O que você precisa saber sobre a ocupação do Complexo do Ocupação do Alemão para não ser um idiota?


O que você precisa saber sobre a ocupação do Complexo do Ocupação do Alemão para não ser um idiota?


 

Coronel Fernando Montenegro
Veterano das Forças Especiais do Exército
Comandante da Força Tarefa Sampaio na Ocupação dos Complexos do Alemão e da Penha

 

Um dos grandes esforços do ex-Presidente Lula ao assumir a presidência do Brasil foi investir na visibilidade internacional. Isso fazia parte de uma estratégia de construção de narrativas que permitissem atrair capital estrangeiro.

Para isso, foi realizado um enorme investimento na mídia internacional. Jornalistas foram seduzidos a escrever artigos generosos e capas de revistas mostravam a estátua do Cristo decolando; enquanto isso diversos autores estrangeiros, muitos economistas, foram “estimulados” a escrever livros dizendo que o Brasil era a “bola da vez”.

No ano de 2007, logo após os jogos Pan Americanos do Rio de Janeiro, Lula conseguiu garantir que o Brasil sediasse a Copa 2014 de futebol da FIFA e em 2009 oficializou os Jogos Olímpicos da Rio 2016. No intervalo entre essas duas confirmações, o Rio de Janeiro também ratificou que abrigaria os 5º Jogos Mundiais Militares, organizado pela terceira maior organização desportiva do mundo, o Conselho, Internacional do Esporte Militar (CISM-Conseil International du Sport Militaire).

OK, então agora você deve estar pensando o que isso aí tem a ver com a operação em que o Batalhão de Operações Policiais Especiais do Rio de Janeiro protagonizou invadindo a Vila Cruzeiro usando os carros de combate da Marinha? Para quem assistiu ao vivo pela TV, com a narrativa do Rodrigo Pimentel na Globo, mais parecia um ataque de um Batalhão de Infantaria Blindado do Exército.
 

Para quem não se lembra, a cinematográfica invasão do dia 25 de novembro de 2010 foi precedida de uns dez dias de ataques desencadeados pelos criminosos do Comando Vermelho na cidade. O terrorismo criminal de confrontação ao Estado foi decorrente da transferência de um dos líderes da facção criminosa para um presídio de segurança máxima.
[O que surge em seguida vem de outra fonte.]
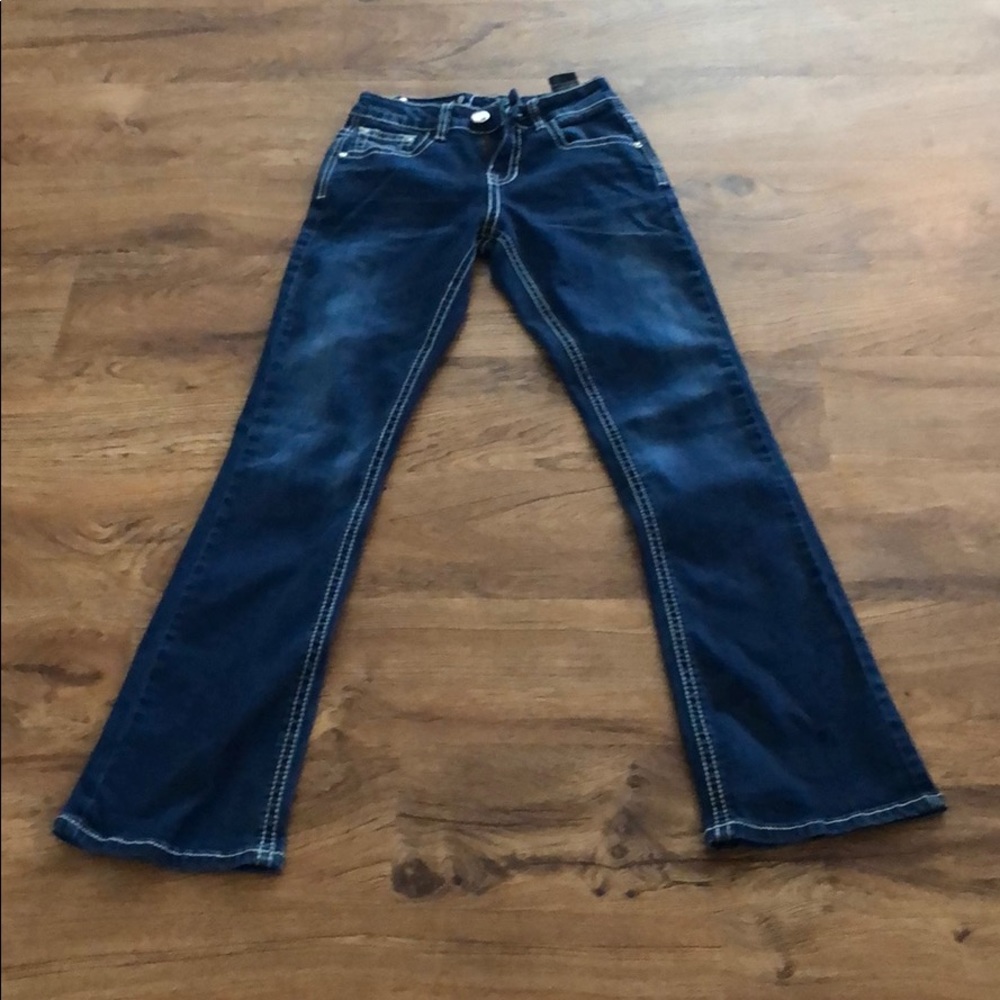 Cedar Rose Cowgirl Jeans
Centenas de viaturas foram incendiadas, instalações militares e policiais foram atacadas e algumas dezenas de pessoas foram mortas em tiroteios. A megalópole carioca praticamente paralisou; o terror generalizado levou o comércio, escolas e vários segmentos ao fechamento e a população se trancou em casa com medo de sair às ruas.

Essa onda de ações terroristas do crime organizado desencadeou uma forte reação na comunidade internacional e as instituições que avalizaram o Brasil como sede dos maiores eventos desportivos do planeta nos anos seguintes  passaram ventilar a ideia de cancelamento das competições e a questionar a real capacidade do país de garantir a segurança dos atletas e demais participantes do evento.

Assim sendo, a extinção dos eventos iria significar um enorme desgaste político e, pior ainda, uma gigantesca perda de investimentos externos nas obras “faraônicas” de infraestrutura e instalações desportivas que já vinham sendo desencadeadas em decorrência disso.

 

Como já foi confirmado posteriormente pela Operação Lava Jato e outras da Polícia Federal, essas obras foram uma grande “usina” de corrupção, em que tudo foi deixado para última hora para que fosse realizado com dispensa de licitação. Não é à toa que John Coates, Vice Presidente do Comitê Olímpico Internacional, reclamou diversas vezes dos atrasos e desrespeitos às especificações.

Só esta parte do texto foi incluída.